Public toilets in Peru
Some places do offer the opportunity to buy toilet paper from a dispenser, and you normally have to pay to use public bathrooms in places like bus terminals and markets. It's normally S/.0.50 ($0.16) to use the loo and this comes with a good sized piece of toilet paper as well. For the many places that just don't offer paper at all, for a fee, free, or otherwise, you will instantaneously become the most popular person in the travel group if you pull out your beautiful, glorious roll of toilet paper. In this moment it is worth more than gold and you are the Conquistador of the baño.
For those on a low budget, you don't necessarily have to opt for toilet paper. As a traveler, you'll probably be dining out most nights and many places provide way too many napkins, especially on planes. Who needs a napkin for their drink, another napkin to put it on, a napkin for their peanuts, and a napkin for whatever other airline delicacy they serve you? Has no one heard of deforestation? Put those murdered tress to good use. Tuck all your unused, or slightly used, napkins into an outer pocket of your backpack. Whenever you find yourself in a tricky situation you won't be reduced to despair and sticky solutions.

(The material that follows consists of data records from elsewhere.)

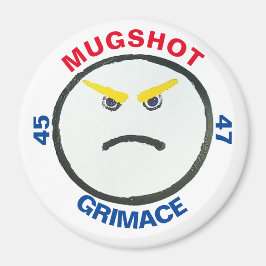 冷蔵庫用ボタンGRIMACE MUGSHOT マグネット
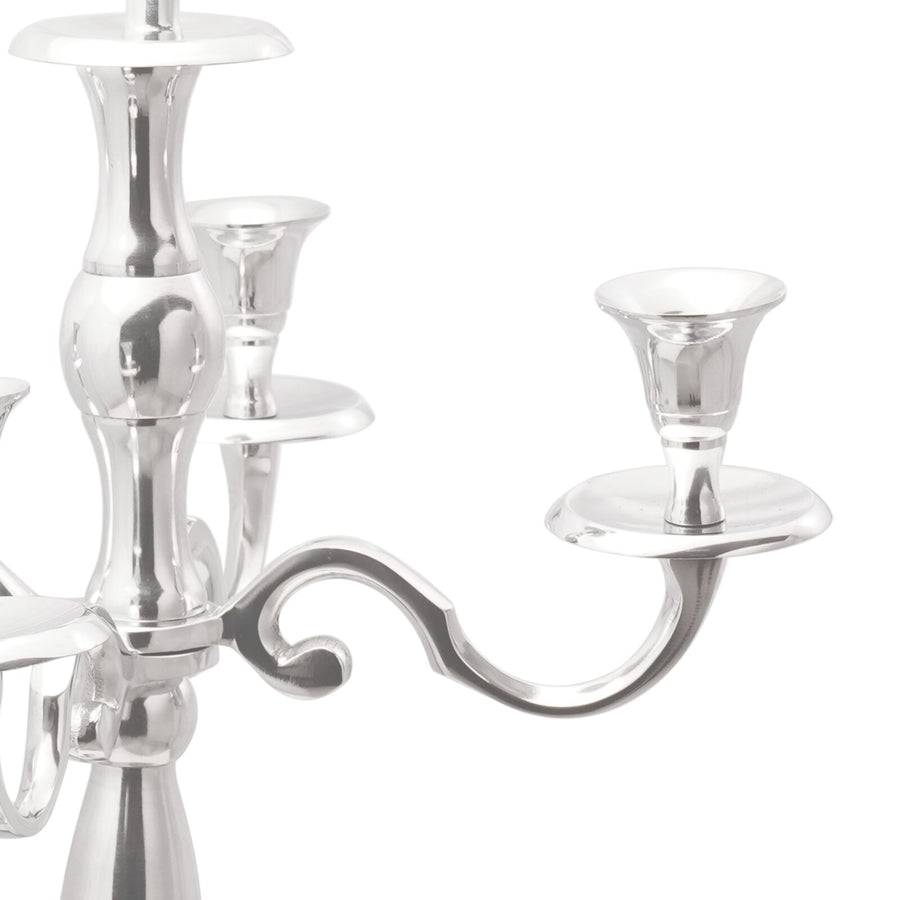 Kandelaar Zilver 32X32X79.5 Cm Aluminium 35 x 35 x 78 cm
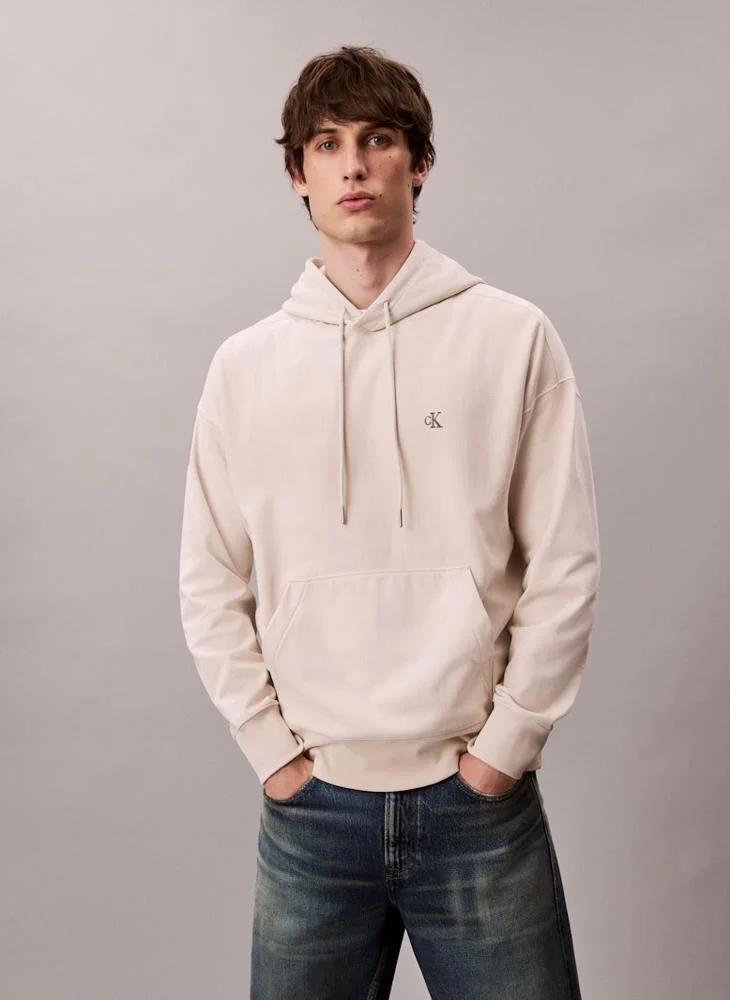 Relaxed Cotton Terry Hoodie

Don’t Flush Toilet Paper in Peru
Despite having to adhere to a Bring Your Own Rule when it comes to toilet paper, you can expect very special treatment for your precious paper once you are through with it. Rather than disposing of your treasured friend in the toilet bowl where it is flushed down with common waste, in Peru your toilet paper receives royalty treatment. There will be a specific trash can, or overflowing trash pile that might harbor a can somewhere at the bottom, for you to reverently dispose of your used paper. Humor aside, you don't flush your paper in Peru for a very important reason. The Peruvian plumbing and septic system is not equipped to process and deal with paper waste. You must dispose of all toilet paper, sanitary items, and diapers in the allotted trash can located next to the toilet.